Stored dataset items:

◆ ◆ ◆ ◆

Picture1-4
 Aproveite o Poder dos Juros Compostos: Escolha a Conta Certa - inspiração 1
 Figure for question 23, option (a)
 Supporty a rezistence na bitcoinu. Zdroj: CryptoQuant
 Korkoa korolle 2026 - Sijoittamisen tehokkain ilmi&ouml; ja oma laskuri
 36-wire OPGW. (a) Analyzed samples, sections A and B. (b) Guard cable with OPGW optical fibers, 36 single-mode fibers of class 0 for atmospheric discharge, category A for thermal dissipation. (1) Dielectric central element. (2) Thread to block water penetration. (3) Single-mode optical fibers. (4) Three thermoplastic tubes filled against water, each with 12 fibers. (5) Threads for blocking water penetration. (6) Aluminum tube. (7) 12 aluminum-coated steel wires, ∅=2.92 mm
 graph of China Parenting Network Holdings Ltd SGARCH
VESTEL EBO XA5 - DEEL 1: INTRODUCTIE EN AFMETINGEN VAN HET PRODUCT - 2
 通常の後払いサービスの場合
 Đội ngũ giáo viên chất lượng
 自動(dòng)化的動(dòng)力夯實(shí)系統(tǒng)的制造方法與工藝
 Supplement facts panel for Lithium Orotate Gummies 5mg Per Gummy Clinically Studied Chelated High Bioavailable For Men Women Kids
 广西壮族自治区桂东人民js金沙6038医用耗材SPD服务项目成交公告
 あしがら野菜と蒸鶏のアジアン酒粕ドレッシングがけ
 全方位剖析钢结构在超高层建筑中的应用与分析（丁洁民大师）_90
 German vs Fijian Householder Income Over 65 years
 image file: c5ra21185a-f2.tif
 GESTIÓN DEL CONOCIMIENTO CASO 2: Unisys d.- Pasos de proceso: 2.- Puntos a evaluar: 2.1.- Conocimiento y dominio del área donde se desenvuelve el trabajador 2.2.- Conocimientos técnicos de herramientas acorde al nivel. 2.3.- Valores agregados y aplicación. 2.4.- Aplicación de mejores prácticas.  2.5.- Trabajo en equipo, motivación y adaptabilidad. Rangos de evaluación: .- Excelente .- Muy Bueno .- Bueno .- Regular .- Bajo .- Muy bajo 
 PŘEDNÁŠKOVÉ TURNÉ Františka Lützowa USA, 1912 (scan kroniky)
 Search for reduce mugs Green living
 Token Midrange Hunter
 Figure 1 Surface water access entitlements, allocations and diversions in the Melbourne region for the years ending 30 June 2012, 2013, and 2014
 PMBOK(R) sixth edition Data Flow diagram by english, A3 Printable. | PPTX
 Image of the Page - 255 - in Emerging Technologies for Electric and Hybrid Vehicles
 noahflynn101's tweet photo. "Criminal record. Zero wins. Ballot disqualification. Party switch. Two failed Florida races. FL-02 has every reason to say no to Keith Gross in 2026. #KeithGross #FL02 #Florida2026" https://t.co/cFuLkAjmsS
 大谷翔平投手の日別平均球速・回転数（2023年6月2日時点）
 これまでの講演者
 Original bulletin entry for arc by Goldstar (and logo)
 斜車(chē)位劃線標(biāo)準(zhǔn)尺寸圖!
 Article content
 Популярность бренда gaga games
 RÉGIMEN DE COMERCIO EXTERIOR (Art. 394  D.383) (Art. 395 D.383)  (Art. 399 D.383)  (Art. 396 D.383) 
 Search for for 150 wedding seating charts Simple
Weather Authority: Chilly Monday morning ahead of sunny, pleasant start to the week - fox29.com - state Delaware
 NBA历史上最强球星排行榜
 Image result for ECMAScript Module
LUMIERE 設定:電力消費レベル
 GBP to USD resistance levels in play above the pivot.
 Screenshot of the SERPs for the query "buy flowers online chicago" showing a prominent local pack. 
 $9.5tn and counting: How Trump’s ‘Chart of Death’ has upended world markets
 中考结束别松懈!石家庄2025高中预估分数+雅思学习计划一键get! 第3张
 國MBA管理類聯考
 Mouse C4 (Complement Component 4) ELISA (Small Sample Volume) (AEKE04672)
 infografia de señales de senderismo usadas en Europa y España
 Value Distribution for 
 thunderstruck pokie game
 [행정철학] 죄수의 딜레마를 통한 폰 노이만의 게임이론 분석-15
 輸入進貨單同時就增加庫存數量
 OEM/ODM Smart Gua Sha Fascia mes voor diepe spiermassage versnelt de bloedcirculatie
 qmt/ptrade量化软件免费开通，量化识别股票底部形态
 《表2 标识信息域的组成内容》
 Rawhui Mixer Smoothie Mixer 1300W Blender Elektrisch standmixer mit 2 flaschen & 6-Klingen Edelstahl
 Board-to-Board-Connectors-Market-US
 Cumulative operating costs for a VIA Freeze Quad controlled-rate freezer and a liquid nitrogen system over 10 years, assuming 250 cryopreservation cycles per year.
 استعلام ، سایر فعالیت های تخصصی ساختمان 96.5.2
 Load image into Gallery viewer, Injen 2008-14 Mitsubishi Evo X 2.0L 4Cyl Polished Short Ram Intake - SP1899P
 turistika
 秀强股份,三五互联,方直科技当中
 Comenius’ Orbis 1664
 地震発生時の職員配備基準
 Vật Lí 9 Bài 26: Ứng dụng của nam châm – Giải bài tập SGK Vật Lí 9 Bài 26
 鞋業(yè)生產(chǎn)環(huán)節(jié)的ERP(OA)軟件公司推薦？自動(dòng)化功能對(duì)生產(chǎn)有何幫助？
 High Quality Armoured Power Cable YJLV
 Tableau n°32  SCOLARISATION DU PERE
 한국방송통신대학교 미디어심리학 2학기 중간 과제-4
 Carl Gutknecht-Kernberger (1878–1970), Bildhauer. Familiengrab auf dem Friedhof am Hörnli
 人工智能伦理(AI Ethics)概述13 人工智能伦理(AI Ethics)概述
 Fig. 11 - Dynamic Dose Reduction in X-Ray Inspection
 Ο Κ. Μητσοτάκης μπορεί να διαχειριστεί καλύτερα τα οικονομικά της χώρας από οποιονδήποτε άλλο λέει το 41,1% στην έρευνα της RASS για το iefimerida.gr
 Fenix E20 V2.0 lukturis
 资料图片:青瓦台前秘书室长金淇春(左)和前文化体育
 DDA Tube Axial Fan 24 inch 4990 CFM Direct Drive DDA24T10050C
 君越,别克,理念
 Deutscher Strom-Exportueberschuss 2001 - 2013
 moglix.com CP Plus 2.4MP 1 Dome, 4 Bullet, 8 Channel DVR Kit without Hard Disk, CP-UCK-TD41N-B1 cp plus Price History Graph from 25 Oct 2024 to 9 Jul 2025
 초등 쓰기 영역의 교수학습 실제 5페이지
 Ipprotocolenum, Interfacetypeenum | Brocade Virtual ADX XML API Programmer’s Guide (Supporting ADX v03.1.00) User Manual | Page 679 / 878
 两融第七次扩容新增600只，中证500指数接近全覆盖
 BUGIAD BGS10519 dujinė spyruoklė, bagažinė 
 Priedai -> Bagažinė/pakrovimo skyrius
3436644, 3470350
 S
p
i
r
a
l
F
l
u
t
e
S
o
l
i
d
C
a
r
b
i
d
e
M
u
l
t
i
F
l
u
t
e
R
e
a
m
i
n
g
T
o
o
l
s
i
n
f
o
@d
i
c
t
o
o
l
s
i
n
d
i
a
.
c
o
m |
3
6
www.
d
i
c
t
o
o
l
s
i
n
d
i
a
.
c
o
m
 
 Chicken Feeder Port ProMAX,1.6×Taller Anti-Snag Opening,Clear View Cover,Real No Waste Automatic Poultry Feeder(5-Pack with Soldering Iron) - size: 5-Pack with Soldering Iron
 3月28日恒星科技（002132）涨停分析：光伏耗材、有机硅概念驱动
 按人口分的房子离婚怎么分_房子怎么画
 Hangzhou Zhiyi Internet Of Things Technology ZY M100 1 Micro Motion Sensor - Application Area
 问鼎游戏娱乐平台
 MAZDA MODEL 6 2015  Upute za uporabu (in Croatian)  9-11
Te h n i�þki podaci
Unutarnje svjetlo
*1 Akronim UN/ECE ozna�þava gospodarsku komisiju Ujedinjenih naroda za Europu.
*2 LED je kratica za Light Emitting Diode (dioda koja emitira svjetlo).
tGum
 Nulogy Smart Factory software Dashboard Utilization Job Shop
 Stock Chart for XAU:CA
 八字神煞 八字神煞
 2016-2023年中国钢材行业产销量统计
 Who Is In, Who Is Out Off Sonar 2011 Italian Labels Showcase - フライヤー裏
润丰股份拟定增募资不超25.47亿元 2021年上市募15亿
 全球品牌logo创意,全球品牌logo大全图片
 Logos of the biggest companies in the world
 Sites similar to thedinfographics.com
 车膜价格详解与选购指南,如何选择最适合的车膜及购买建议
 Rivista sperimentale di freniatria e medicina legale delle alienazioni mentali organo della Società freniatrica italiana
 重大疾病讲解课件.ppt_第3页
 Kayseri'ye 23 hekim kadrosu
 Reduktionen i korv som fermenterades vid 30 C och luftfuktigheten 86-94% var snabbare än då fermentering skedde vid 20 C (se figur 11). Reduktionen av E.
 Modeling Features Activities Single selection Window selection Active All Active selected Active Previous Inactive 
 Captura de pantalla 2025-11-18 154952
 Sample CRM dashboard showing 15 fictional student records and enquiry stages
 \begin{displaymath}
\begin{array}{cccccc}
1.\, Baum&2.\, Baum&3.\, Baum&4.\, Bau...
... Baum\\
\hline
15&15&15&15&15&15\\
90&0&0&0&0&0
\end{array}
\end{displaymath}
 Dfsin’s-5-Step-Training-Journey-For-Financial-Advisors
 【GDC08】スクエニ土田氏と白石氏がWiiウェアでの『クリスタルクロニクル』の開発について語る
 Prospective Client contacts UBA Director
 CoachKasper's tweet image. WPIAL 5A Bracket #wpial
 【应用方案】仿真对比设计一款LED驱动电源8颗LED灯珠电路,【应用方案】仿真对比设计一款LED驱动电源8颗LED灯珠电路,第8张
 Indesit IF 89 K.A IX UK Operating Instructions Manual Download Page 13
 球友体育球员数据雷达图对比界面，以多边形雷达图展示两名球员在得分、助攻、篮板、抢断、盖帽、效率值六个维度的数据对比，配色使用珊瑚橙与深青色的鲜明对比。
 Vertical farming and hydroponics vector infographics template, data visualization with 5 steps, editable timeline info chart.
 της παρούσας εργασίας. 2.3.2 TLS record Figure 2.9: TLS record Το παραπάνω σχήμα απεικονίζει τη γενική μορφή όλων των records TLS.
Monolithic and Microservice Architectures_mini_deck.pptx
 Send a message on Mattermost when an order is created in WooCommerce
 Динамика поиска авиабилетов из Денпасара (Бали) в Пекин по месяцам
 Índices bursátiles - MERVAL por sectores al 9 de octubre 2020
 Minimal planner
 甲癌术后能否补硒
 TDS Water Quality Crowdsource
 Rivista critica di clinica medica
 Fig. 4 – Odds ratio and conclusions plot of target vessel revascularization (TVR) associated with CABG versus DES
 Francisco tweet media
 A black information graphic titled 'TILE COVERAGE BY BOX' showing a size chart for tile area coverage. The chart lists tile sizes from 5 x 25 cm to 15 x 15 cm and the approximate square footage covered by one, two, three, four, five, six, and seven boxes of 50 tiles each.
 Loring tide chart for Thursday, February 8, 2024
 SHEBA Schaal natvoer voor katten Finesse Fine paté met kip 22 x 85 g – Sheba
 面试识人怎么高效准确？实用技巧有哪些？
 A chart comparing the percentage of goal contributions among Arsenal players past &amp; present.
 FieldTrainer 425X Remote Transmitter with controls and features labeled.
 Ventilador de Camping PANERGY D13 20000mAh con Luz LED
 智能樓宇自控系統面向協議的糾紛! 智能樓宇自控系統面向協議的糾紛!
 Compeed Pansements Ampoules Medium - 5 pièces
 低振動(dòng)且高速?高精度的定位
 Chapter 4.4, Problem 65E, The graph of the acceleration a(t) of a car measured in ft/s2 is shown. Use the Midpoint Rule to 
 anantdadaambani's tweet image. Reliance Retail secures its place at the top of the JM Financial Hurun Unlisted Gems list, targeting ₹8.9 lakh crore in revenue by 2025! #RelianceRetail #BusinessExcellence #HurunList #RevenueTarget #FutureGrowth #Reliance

◆ ◆ ◆ ◆

Work item:
Write only the number of lines in the data where the string "Rivista" can be found.

Solution below:
2